Common treatment-emergent adverse events for KHK4083 cohorts were pyrexia, nasopharyngitis, worsening of atopic dermatitis and chills during the first 16 weeks. Pyrexia and chills events were mild to moderate in intensity, most of them were due to injection reaction and observed only after the first administration of the investigational product. There were no events of severe hypersensitivity reactions and no deaths observed in the study.

About Atopic Dermatitis

Atopic dermatitis is a chronic disease in which the immune system becomes disordered and overactive, triggering inflammation that damages the skin barrier. People with atopic dermatitis can get rashes anywhere on the body that can ooze, weep fluid and bleed when scratched, making skin vulnerable to infection. Skin can become dry and discolored, and repeated scratching can cause thickening and hardening of the skin.

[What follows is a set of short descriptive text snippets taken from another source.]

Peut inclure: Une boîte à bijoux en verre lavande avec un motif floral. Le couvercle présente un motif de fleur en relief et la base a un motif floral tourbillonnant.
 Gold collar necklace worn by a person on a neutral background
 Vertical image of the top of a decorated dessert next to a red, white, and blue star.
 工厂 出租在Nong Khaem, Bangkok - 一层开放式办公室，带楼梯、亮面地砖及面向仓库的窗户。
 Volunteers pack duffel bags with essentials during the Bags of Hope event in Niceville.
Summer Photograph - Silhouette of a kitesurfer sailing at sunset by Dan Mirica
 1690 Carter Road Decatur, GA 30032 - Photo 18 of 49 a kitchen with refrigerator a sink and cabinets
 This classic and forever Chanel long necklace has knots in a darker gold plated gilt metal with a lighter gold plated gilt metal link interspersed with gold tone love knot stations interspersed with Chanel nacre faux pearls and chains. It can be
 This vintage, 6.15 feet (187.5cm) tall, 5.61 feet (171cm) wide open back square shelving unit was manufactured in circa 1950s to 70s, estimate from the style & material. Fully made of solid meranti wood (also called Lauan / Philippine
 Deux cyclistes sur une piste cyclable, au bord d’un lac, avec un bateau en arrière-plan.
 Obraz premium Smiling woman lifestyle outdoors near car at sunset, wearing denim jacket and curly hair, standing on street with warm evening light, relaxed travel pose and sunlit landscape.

Atopic dermatitis typically begins in childhood, affecting 15% to 20% of children and 1% to 3% of adults worldwide. The incidence of the disease has increased two- to three-fold since the 1970s. People who have asthma and/or hay fever or who have family members who do, are more likely to develop atopic dermatitis.

About OX40

OX40 is a co-stimulatory molecule that is one of the tumor necrosis factor receptor (TNFR) family members. It plays an important role in maintaining T cell proliferation and survival and in the formation of memory T cells. OX40 is expressed on the surface of effector T cells (CD4 positive) activated by antigens. It has been reported that effector T cells expressing OX40 are present in the lesions of atopic dermatitis.